WHAT THE TASK REQUIRES:
The line containing "MPC can also" and every line after it, through the end of the records below, are to be reproduced exactly, with the pictures left out.

##### SUPPLIED ENTRIES #####

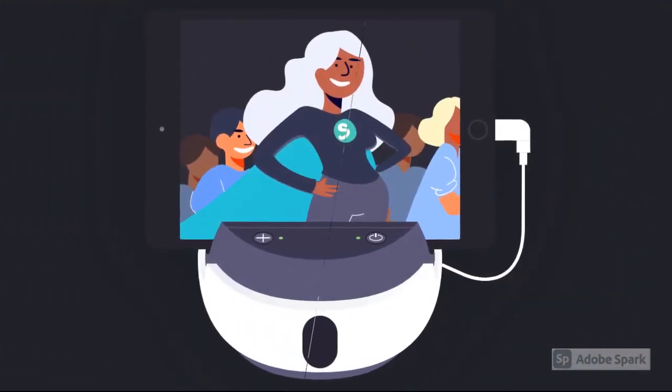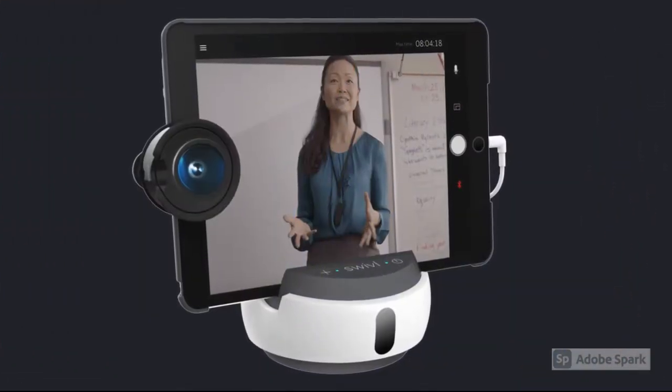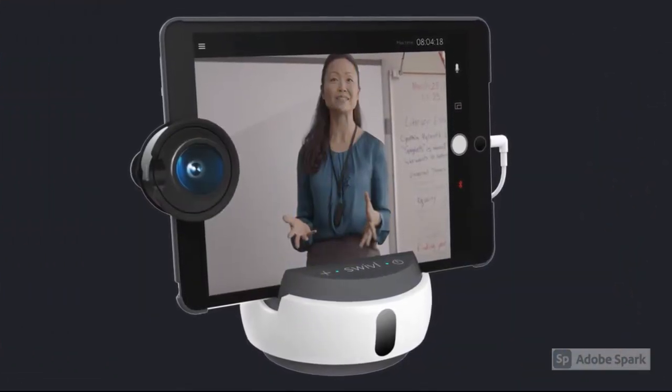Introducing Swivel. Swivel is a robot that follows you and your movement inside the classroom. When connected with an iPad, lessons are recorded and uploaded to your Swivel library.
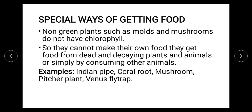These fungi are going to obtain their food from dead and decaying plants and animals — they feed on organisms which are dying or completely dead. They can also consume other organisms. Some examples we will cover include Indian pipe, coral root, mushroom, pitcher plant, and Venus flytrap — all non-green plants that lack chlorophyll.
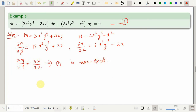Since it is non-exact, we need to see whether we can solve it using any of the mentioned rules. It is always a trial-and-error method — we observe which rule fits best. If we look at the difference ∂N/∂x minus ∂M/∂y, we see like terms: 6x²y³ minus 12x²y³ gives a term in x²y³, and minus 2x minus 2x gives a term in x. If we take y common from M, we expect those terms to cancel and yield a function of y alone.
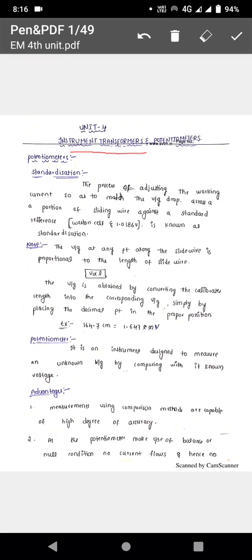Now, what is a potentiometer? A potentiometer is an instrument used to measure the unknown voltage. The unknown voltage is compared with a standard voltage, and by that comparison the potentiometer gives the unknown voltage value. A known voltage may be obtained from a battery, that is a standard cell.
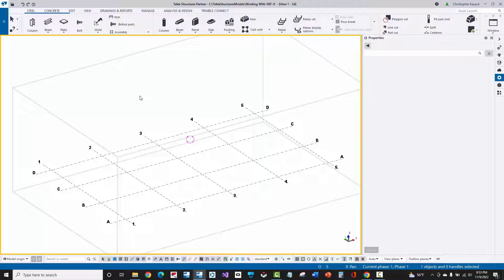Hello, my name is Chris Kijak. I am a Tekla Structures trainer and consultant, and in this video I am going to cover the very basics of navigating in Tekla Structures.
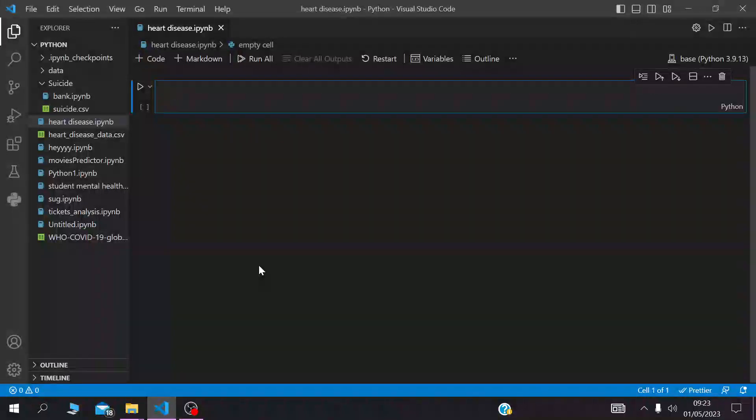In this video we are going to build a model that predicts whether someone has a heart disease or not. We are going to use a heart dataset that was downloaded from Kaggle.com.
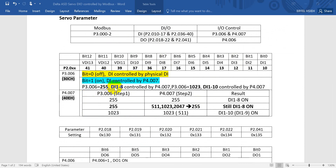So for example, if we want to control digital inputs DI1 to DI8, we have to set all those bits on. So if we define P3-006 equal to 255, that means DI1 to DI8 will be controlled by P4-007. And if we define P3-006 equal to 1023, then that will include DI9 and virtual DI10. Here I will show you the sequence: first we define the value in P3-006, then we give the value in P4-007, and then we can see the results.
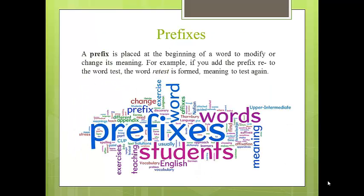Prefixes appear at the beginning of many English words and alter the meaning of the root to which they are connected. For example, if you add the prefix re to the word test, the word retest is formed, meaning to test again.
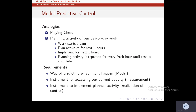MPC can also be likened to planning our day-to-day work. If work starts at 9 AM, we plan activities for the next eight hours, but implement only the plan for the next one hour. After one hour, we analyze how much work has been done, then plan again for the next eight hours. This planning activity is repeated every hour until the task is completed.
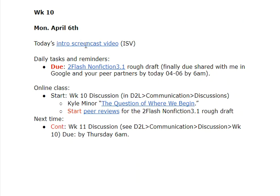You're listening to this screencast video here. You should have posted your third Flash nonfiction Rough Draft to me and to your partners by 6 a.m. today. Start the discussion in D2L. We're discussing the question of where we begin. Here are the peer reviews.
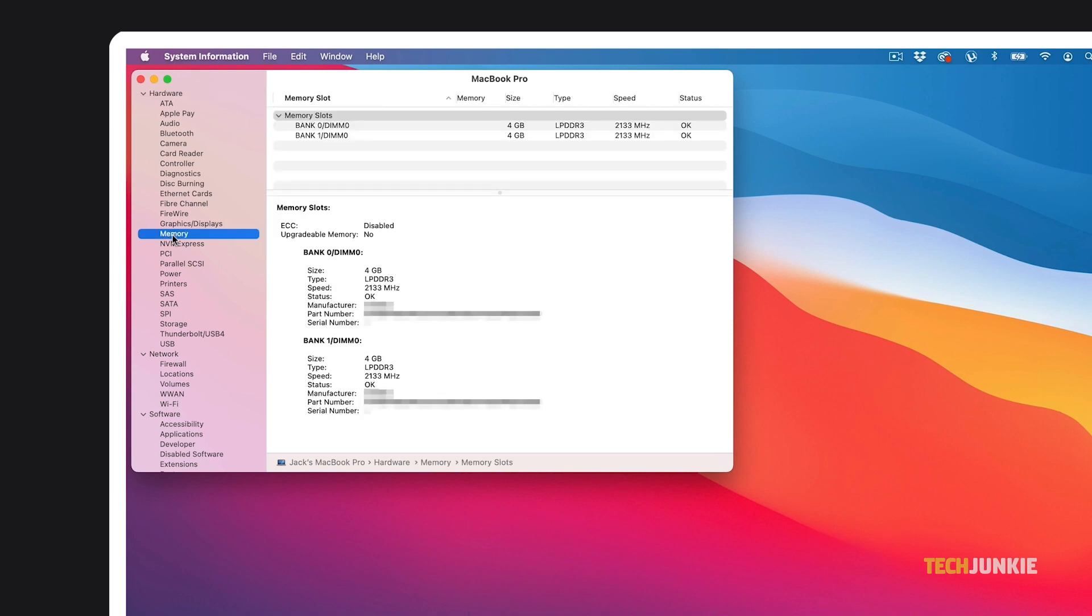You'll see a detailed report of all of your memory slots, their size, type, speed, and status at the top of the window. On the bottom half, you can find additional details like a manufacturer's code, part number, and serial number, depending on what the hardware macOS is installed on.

#####

SOLUTION:
MPC can also be likened to planning our day-to-day work. If work starts at 9 AM, we plan activities for the next eight hours, but implement only the plan for the next one hour. After one hour, we analyze how much work has been done, then plan again for the next eight hours. This planning activity is repeated every hour until the task is completed.
You're listening to this screencast video here. You should have posted your third Flash nonfiction Rough Draft to me and to your partners by 6 a.m. today. Start the discussion in D2L. We're discussing the question of where we begin. Here are the peer reviews.
You'll see a detailed report of all of your memory slots, their size, type, speed, and status at the top of the window. On the bottom half, you can find additional details like a manufacturer's code, part number, and serial number, depending on what the hardware macOS is installed on.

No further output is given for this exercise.